You don't want users actually running anything directly on the cluster.
You would set up some machine to launch jobs.
Essentially any sort of Linux machine where you can install Hadoop, but you don't run any jobs...
Sent from my iPhone
On Mar 28, 2012, at 3:30 AM, "Jane Wayne" <[EMAIL PROTECTED]> wrote:
> what do you mean by an edge node? do you mean any node that is not the
> master node (or NameNode or JobTracker node)?
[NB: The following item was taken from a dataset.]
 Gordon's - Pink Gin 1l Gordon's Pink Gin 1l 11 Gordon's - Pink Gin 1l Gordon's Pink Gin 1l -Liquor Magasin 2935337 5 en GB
> On Wed, Mar 28, 2012 at 3:51 AM, Michel Segel <[EMAIL PROTECTED]>wrote:
>> First you really don't want to launch the job from the cluster but from an
>> edge node.
>> To answer your question, in a word, yes, you should have a consistent set
>> of configuration files as possible, noting that overtime this may not be
>> possible as hardware configs may change,
>> Sent from a remote device. Please excuse any typos...
>> Mike Segel
>> On Mar 27, 2012, at 8:42 PM, Jane Wayne <[EMAIL PROTECTED]> wrote:
>>> if i have a hadoop cluster of 10 nodes, do i have to modify the
>>> /hadoop/conf/log4j.properties files on ALL 10 nodes to be the same?
>>> currently, i ssh into the master node to execute a job. this node is the
>>> only place where i have modified the logj4.properties file. i notice that
>>> although my log files are being created, nothing is being written to
>>> when i test on cygwin, the logging works, however, when i go to a live
>>> cluster (i.e. amazon elastic mapreduce), the logging output on the master
>>> node no longer works. i wonder if logging is happening at each slave/task
>>> could someone explain logging or point me to the documentation discussing
>>> this issue?